LİGDEN DÜŞME KALKSIN TARTIŞMASI
Sepil, basın toplantısında son olarak Süper Lig’de düşme olmaması tartışmasına ilişkin görüşlerini paylaştı: "Göztepe kulübü olarak düşmenin kaldırılması için girişimde bulunmayız. Bu Göztepelilik duruşuna uygun değil. 23 takımlık bir ligi kaldırmak mümkün değil. Türk futbolunun sorunu; heyecan kalmadı, tribünler boşalıyor, rekabet azaldı. Göztepe bunun dışında, bu konuda taraftarımıza müteşekkirim. Ligi rekabetçi hale getirmek lazım. O zaman taraftarlar tribüne yeniden gelir. İstanbul'dan 7-8 takım ise rekabeti iyice bitirir."
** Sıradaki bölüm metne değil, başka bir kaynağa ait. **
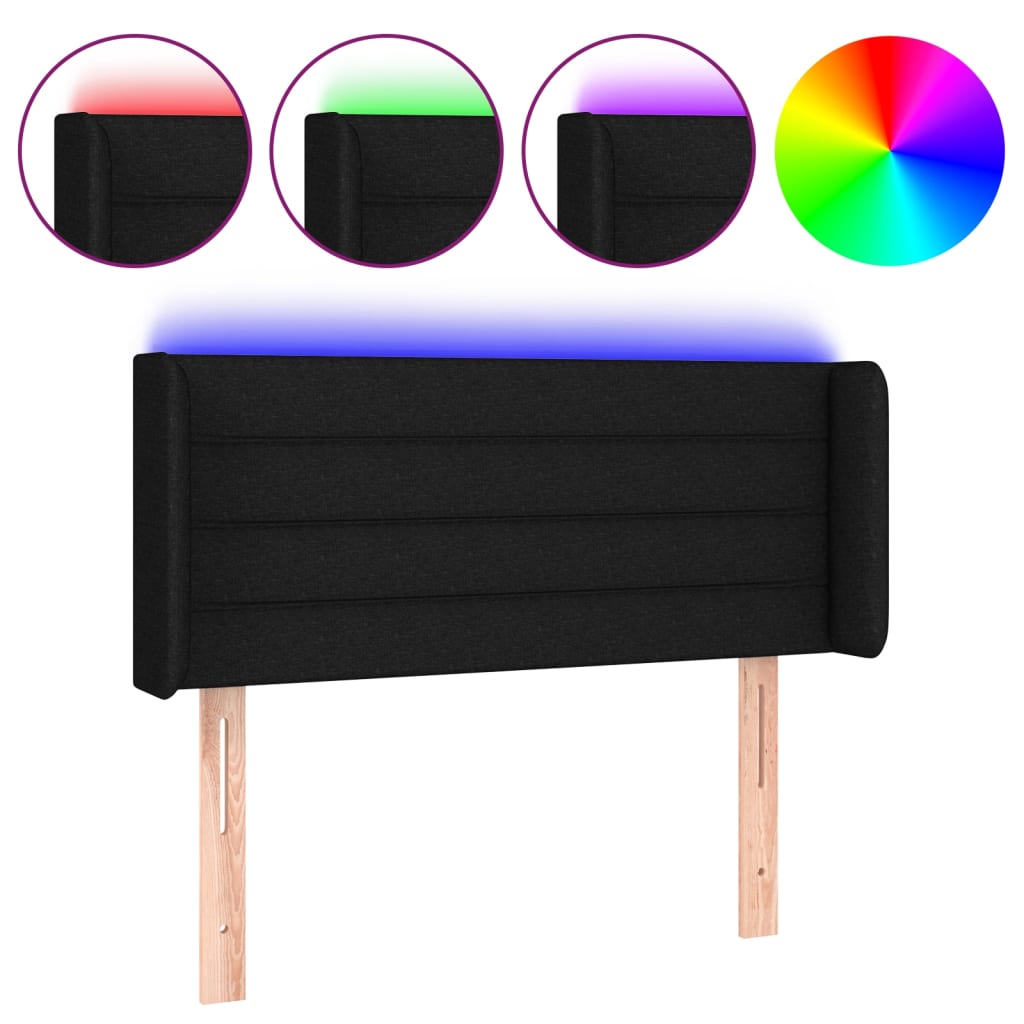 vidaXL Cabeceira de cama c/ luzes LED tecido 103x16x78/88 cm preto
Sepil’in Süper Lig'de heyecan ve rekabet için belki yeni şekillenme denemelerine ihtiyaç olabileceğini de belirttiğini ekleyeyim.


SONUÇTA...
Bir buçuk saatlik basın toplantısında en çok merakla beklenen masadaki ciddi devir adaylarıydı ancak bu konuda somut bir tablo oluşmadığı için Sepil’in bir açıklaması olmadı, olamadı. Ancak anlaşıldı ki adını duyurma sevdalısı kuru kalabalık diskalifiye oldu ve şimdi daha ciddiye alınacak talipleri bekliyor Göztepe A.Ş. Sepil’in beklentisi ise kendisinin giriştiği ve Robin Hood gibi atıldığı macerayı aynı ciddiyetle ve içtenlikle sürdürecek ve çabucak masaya gelecek bir aday, ciddi bir yatırımcı.